I have a project named projectx

projectX happens to be in users/hardik/desktop/projectx

I have created a shell script start.sh. This is the content of shell script

echo "Starting typescript build in new terminal.."

osascript -e 'tell application "Terminal" to do script "npm run build"'

sleep 3

echo "Starting firebase functions...."

osascript -e 'tell application "Terminal" to do script "firebase emulators:start --only functions"'

echo "Process compelete.. Check if there were two terminals window open"

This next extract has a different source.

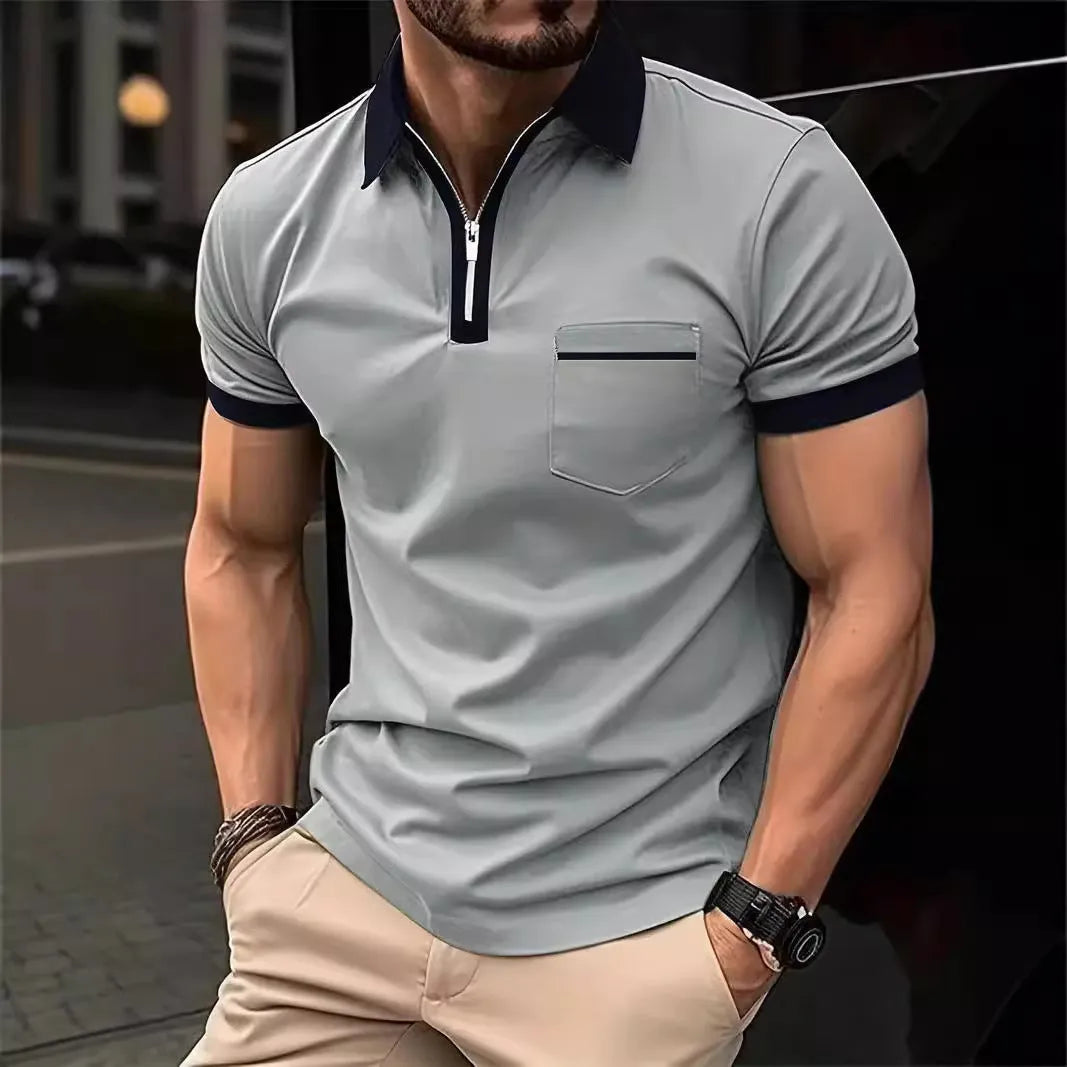 Man wearing a loose-fit short sleeve casual shirt with a chest pocket and zipper detail.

now this works but say here

osascript -e 'tell application "Terminal" to do script "npm run build"'

it runs that in the root and hence gives the following error

ENOENT: no such file or directory, open /Users/hardik/package.json

How can I make it execute in the path which is relative to start.sh

Update: I tried these but it didn't work

cd "$(dirname $(readlink -f "$0"))"
echo "Starting typescript build in new terminal.."
osascript -e 'tell application "Terminal" to do script "npm run watch:scss"' 
osascript -e 'tell application "Terminal" to do script "npm run watch"'
echo "Process compelete.. Check if there were two terminals window open"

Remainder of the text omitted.